WHAT YOU ARE ASKED TO DO:
Copy each of the entries below faithfully, setting aside any pictures.

-- Opening Marker --

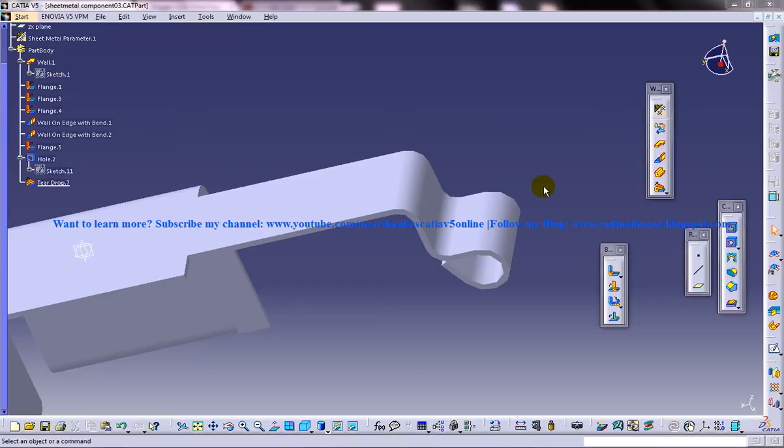Hi friends, this is Mohammed Shakeel here. In this tutorial, I'm going to show you how you can use teardrop with the Relimited option, which is coming under the Generative Sheet Metal workbench in CATIA V5.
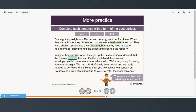Imagine their surprise when they got up the next morning and found that the thieves had returned their car. On the windshield there was an envelope. Inside there was a letter which said: we're very sorry for taking your car last night. We had a kind of family emergency and we really needed to borrow it. We'd like to offer you two tickets to a concert on Saturday as a way of making it up to you. Sorry for the inconvenience. So this story isn't finished, so you can use your imagination to think about what happened next.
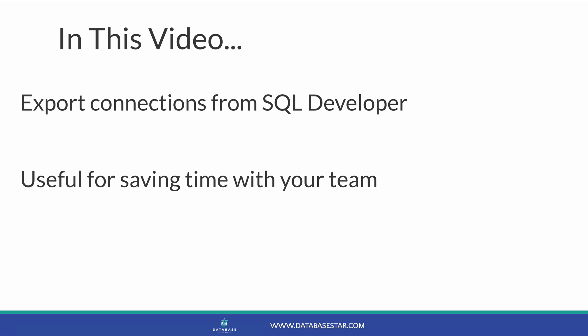This is useful if you want to back up your connections for moving to a new computer, for example, or for sharing the connections with your team.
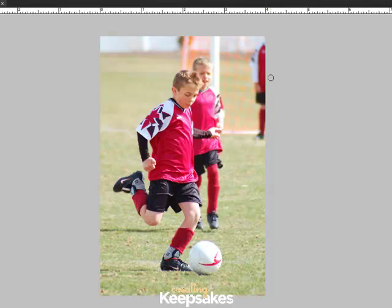Thank you for joining me for this Creating Keepsakes tutorial for blurring the background of a photo using Photoshop Elements.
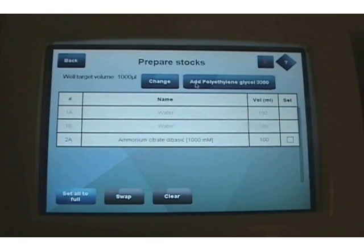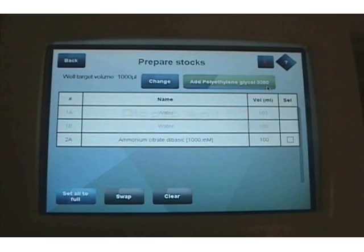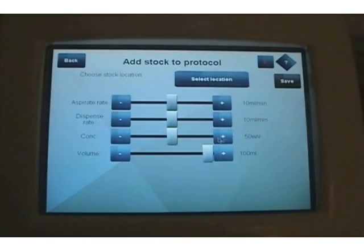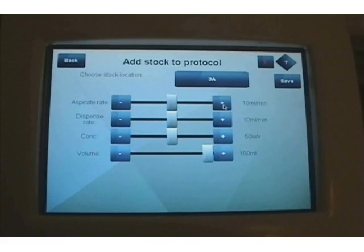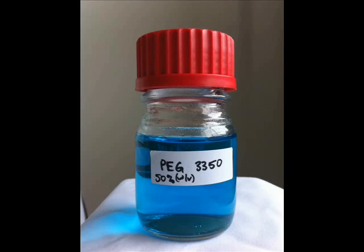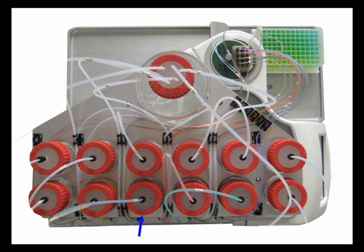The instrument knows it needs the PEG3350, so it asks for it, just like it did for the Ammonium Citrate. I go through the same process. This time, I don't need to adjust the concentration, as I'll be adding 50% weight per volume PEG3350 as my stock solution. I select position 3A for the PEG and save. Here is my 50% weight per volume PEG3350 solution, dyed blue for this demonstration. I place it in position 3A, secure the tubing, and I'm ready to go.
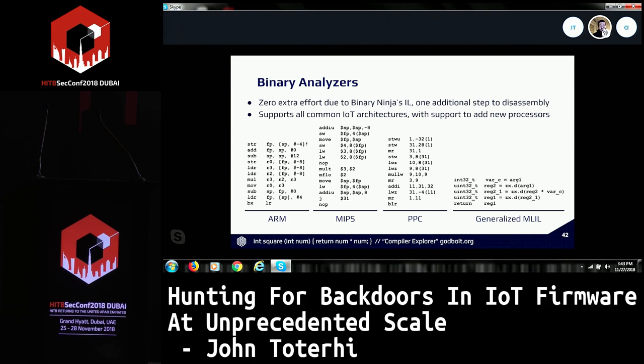When we look at how things look in different assembly languages, it becomes apparent why we do this. We have ARM, MIPS, and PowerPC all implementing a square function — takes a number, multiplies it by itself, and returns that value. This looks wildly different in all these architectures, but the generalized MLIL on the right is what we get in each of them. We can very clearly tell that ARM's argument goes into variable bar_c, which is stored into register 2, register 2 and bar_c are multiplied, and then the value is returned. The semantic meaning is much easier to reason about.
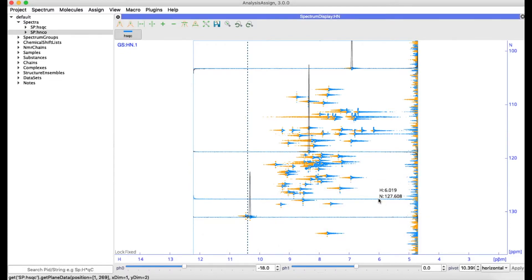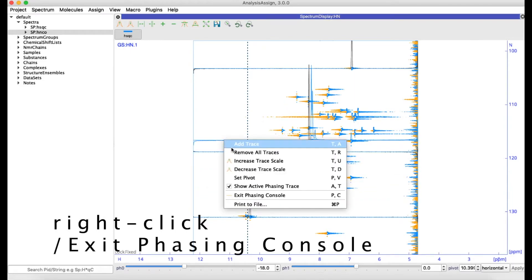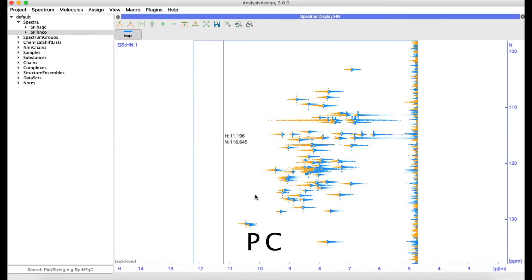Once you have finished phasing your spectrum, you can make a note of the phasing values and enter them into your NMR Pipe processing script. The phasing is not saved and directly applied to your spectrum within Analysis. You can exit the phasing console again using the right-hand mouse menu or by typing PC.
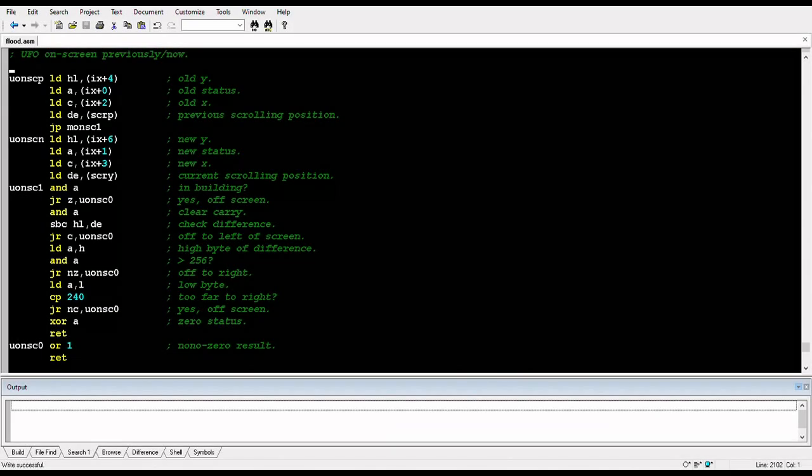Hello and welcome to another Game Under Development video. This time I'm working on a ZX Spectrum game with the provisional title Flood. It's a horizontal scroller with lots of aliens zipping about and people to rescue. Let's take a look, shall we?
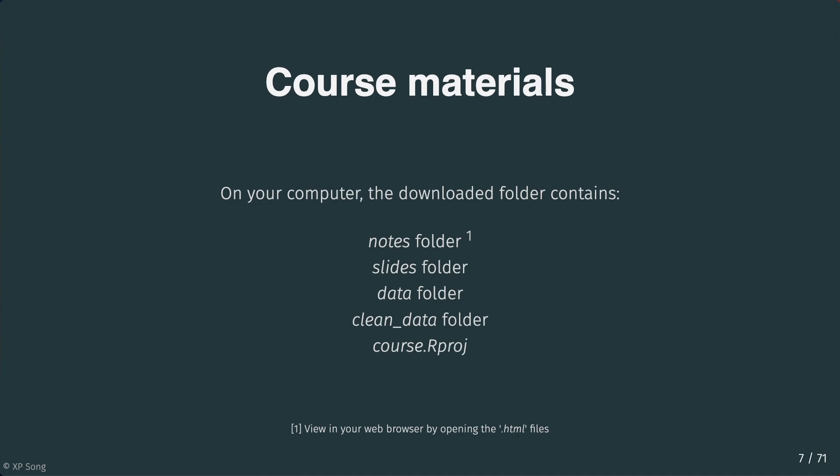The notes are saved in two different file formats. First, in the HTML file format, and you can open up files with this extension using your web browser. The notes are also saved in R Markdown format. These are files ending with the extension .rmd. We will talk about this later in the following slides.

-- Closing Marker --

OUTPUT:
Hi friends, this is Mohammed Shakeel here. In this tutorial, I'm going to show you how you can use teardrop with the Relimited option, which is coming under the Generative Sheet Metal workbench in CATIA V5.
Imagine their surprise when they got up the next morning and found that the thieves had returned their car. On the windshield there was an envelope. Inside there was a letter which said: we're very sorry for taking your car last night. We had a kind of family emergency and we really needed to borrow it. We'd like to offer you two tickets to a concert on Saturday as a way of making it up to you. Sorry for the inconvenience. So this story isn't finished, so you can use your imagination to think about what happened next.
This is useful if you want to back up your connections for moving to a new computer, for example, or for sharing the connections with your team.
Thank you for joining me for this Creating Keepsakes tutorial for blurring the background of a photo using Photoshop Elements.
The instrument knows it needs the PEG3350, so it asks for it, just like it did for the Ammonium Citrate. I go through the same process. This time, I don't need to adjust the concentration, as I'll be adding 50% weight per volume PEG3350 as my stock solution. I select position 3A for the PEG and save. Here is my 50% weight per volume PEG3350 solution, dyed blue for this demonstration. I place it in position 3A, secure the tubing, and I'm ready to go.
When we look at how things look in different assembly languages, it becomes apparent why we do this. We have ARM, MIPS, and PowerPC all implementing a square function — takes a number, multiplies it by itself, and returns that value. This looks wildly different in all these architectures, but the generalized MLIL on the right is what we get in each of them. We can very clearly tell that ARM's argument goes into variable bar_c, which is stored into register 2, register 2 and bar_c are multiplied, and then the value is returned. The semantic meaning is much easier to reason about.
Once you have finished phasing your spectrum, you can make a note of the phasing values and enter them into your NMR Pipe processing script. The phasing is not saved and directly applied to your spectrum within Analysis. You can exit the phasing console again using the right-hand mouse menu or by typing PC.
Hello and welcome to another Game Under Development video. This time I'm working on a ZX Spectrum game with the provisional title Flood. It's a horizontal scroller with lots of aliens zipping about and people to rescue. Let's take a look, shall we?
The notes are saved in two different file formats. First, in the HTML file format, and you can open up files with this extension using your web browser. The notes are also saved in R Markdown format. These are files ending with the extension .rmd. We will talk about this later in the following slides.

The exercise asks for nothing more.